A iminente aprovação pelo Congresso Nacional do acordo entre a República Federativa do Brasil e a Santa Sé relativo ao estatuto jurídico da Igreja Católica no território nacional, assinado em 13/11/08 (projeto de decreto legislativo 1736/09), vem, portanto, em boa hora.

Em breve digressão histórico-normativa, as relações diplomáticas entre Brasil e Santa Sé, entidade dotada de personalidade jurídica internacional, foram iniciadas em 1826. Na disposição constitucional da época (1824), a religião católica era a do império do Brasil, permitindo-se o culto doméstico ou particular de todas as demais.
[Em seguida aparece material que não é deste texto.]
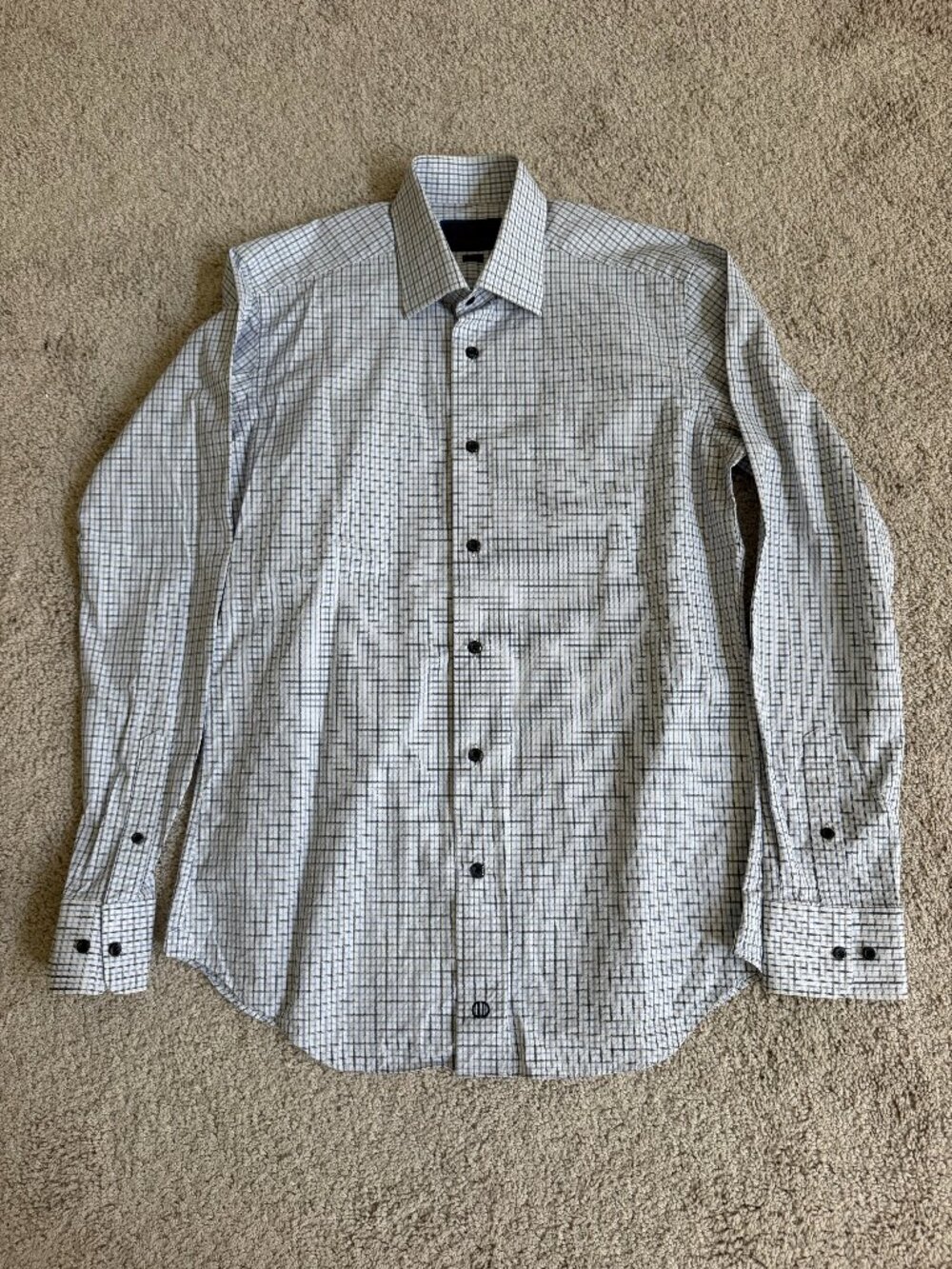 Men's Long Sleeve Dress Shirt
Em termos de tratados internacionais, aqueles que representam identidade com as Constituições brasileiras são os seguintes: o Acordo Administrativo para Troca de Correspondência Diplomática (1935) e o Acordo sobre o Estabelecimento do Ordinariado Militar e Nomeação de Capelães Militares (1989).

Ambos foram recepcionados, respectivamente, pelas Constituições brasileiras de 1934 e 1988. O Brasil passou a ter constitucionalmente representação diplomática na Santa Sé, e os brasileiros tiveram assegurada a prestação de assistência religiosa nas entidades civis e militares de internação coletiva.
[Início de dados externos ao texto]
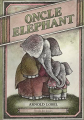 Couverture Oncle éléphant Editions L'École des loisirs 1989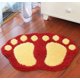 thumbnail image 4 of Bonitas almohadillas para los pies, alfombra suave de microfibra para baño, felpudo antideslizante, felpudo grande bonito, alfombra absorbente para dormitorio, alfombra de cocina Adepaton MZQ-0880-14, 4 of 7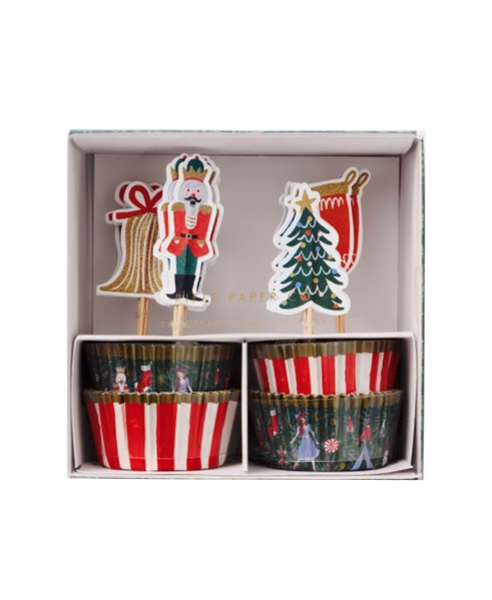 Nutcracker Cupcake Kit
O recente acordo firmado entre o Brasil e a Santa Sé em 2008 representa uma evolução normativa, já que objetiva consolidar diversos aspectos do relacionamento e da presença da Igreja Católica no território nacional, amparados na Constituição.

A partir da Convenção de Viena sobre Relações Diplomáticas, de 1961, passando por legislação nacional sobre a presença da Igreja Católica e a recepção na vigente Constituição brasileira, pode-se analisar o acordo entre Brasil e Santa Sé.

Nos termos do artigo 1º, as respectivas representações diplomáticas dos Estados pactuantes ficam regidas pela Convenção de Viena, tratado internacional já incorporado ao ordenamento jurídico brasileiro, mediante o decreto nº 56.435/65.

Sumariando-se os artigos 2º até o 17 desse Acordo, atesta-se sua recepção às disposições constitucionais de inviolabilidade da liberdade de consciência e de crença, sendo assegurado o livre exercício de qualquer culto religioso e a proteção aos seus locais e liturgias -novamente, o tratamento equitativo dos direitos e deveres das instituições religiosas legalmente estabelecidas no Brasil-, conforme o inciso VI do artigo 5º e o inciso I do artigo 19 da Constituição Federal.

Nos temas relacionados à educação, os artigos 9º, 10 e 11 dispõem que o reconhecimento recíproco de títulos e qualificações em nível de graduação e pós-graduação estará sujeito às respectivas legislações e normas dos Estados pactuantes.

E em respeito ao princípio do cooperativismo nas relações internacionais -conforme inciso IX do artigo 4º da Constituição-, a Igreja Católica continuará a colocar suas instituições de ensino, em todos os níveis, a serviço da sociedade e de acordo com o ordenamento jurídico brasileiro.

Frise-se que, pelo acordo, o ensino religioso continua sendo de matrícula facultativa nas escolas públicas de ensino fundamental, sem discriminar as diferentes confissões religiosas praticadas no Brasil.

Por fim, a entrada em vigor desse instrumento internacional depende da troca das chamadas cartas de ratificação entre os Estados pactuantes, o que se dará após a aprovação do Congresso do PDC 1736/09 e consequente decreto presidencial.

A urgência do esclarecimento da sociedade se faz necessária no sentido de que o presente diploma legal com a Igreja Católica não exclui as demais religiões globais, mantendo-se o Brasil como Estado laico.

O país, mediante a aprovação desse acordo, atualiza-se no palco das relações internacionais.

* GEORGE AUGUSTO NIARADI , advogado, doutor em direito internacional pela USP e pós-doutor em direito pela Universitá della Santa Croce (Roma, Itália), é presidente da Comissão de Comércio Exterior e Relações Internacionais da OAB-SP.